The following code is just to understand the context. My question doesn't require much understanding of this. It need a simple translation of one line of MATLAB code in to Python.
us = np.linspace(-(1023)/2,(1023)/2,1024)
vs = np.linspace(-(1023)/2,(1023)/2,1024)
uu,vv = np.meshgrid(-us,vs)
pu = ((((rx*SDD)/(ry+SOD))+us[0])/(-du))+1
xs = np.linspace(-(360-1)/2,(nx-1)/2,360)
ys = np.linspace(-(360-1)/2,(ny-1)/2,360)
zs = np.linspace(-(360-1)/2,(ny-1)/2,360)

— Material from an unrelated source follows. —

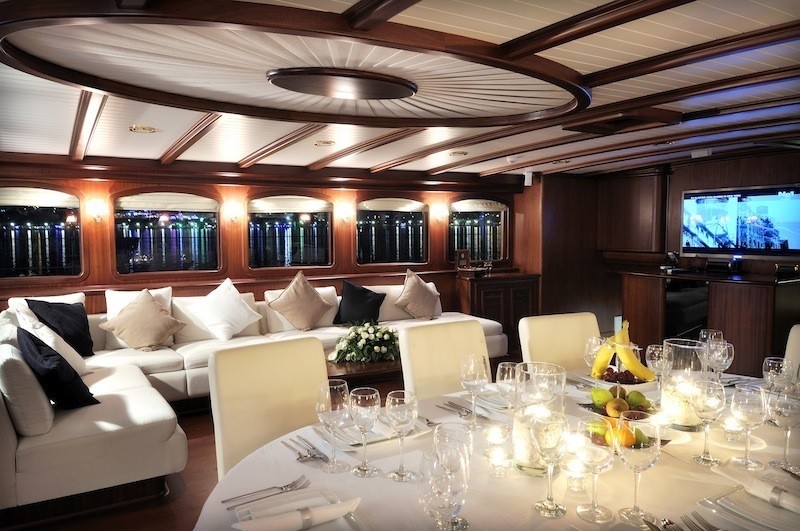 Eating/dining Saloon On Yacht REGINA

xx,yy = np.meshgrid(xs,ys)
angle_rad = np.linspace(0,359,360)
angle_rad = angle_rad*np.pi/180
for i in range(0,360) :
vol = np.zeros((360,360,360))
rx = xx*np.cos(angle_rad[i]-np.pi/2) + yy*np.sin(angle_rad[i]-np.pi/2)
ry = -xx*np.sin(angle_rad[i]-np.pi/2) + yy*np.cos(angle_rad[i]-np.pi/2)

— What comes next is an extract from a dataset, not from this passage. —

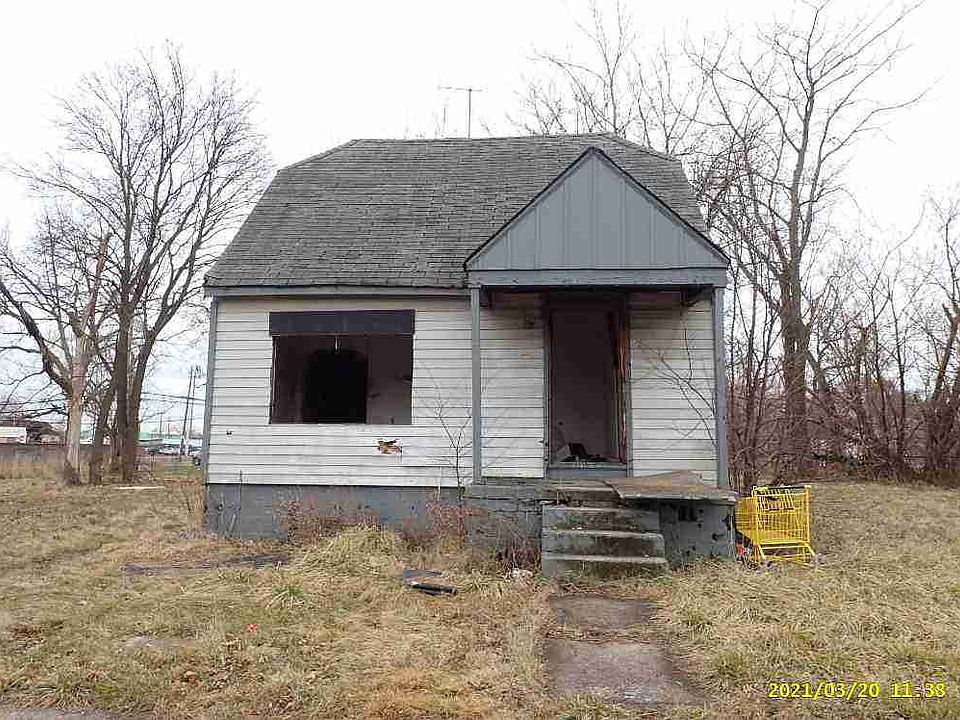 10174 Woodlawn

pu = ((((rx*370)/(ry+9))+us[0])/(-51.2/1024))+1
for iz in range(0,360) :
pv = ((((zs[iz]*370)/(ry+9))-vs[0])/(51.2/1024)) +1
So after this step the code should do interpolation and in MATLAB it's like this:
vol(:,:,iz) = interp2(uu,vv ,proj',pu,pv,'linear'); This is in MATLAB
My proj, uu and vv are (1024,1024) and pu, pv are (360,360). I need to convert the above line to Python. I tried using scipy.interpolate but it gives the following errors on trying these :
vol[:,:,iz] = Ratio*(interp2d(uu,vv,proj,pu,pv,'cubic'))
TypeError: unhashable type: 'numpy.ndarray'
vol[:,:,iz] = Ratio*(interp2d(uu,vv,proj,'cubic'))

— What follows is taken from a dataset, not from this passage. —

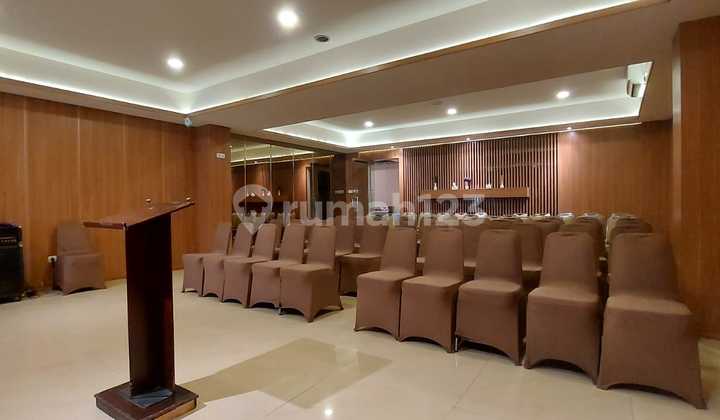 Business Space/Warehouse/Restaurant/Cafe on Pasir Kaliki Main Road, Bandung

OverflowError: Too many data points to interpolate
vol[:,:,iz] = Ratio*(interp2d(proj,pu,pv,'cubic'))
ValueError: x and y must have equal lengths for non rectangular grid
vol[:,:,iz] = Ratio*(interp2d(pu,pv,proj,'cubic'))
ValueError: Invalid length for input z for non rectangular grid
I have read all the scipy.interpolate documentations and none seemed to help. Could anyone figure out what's wrong?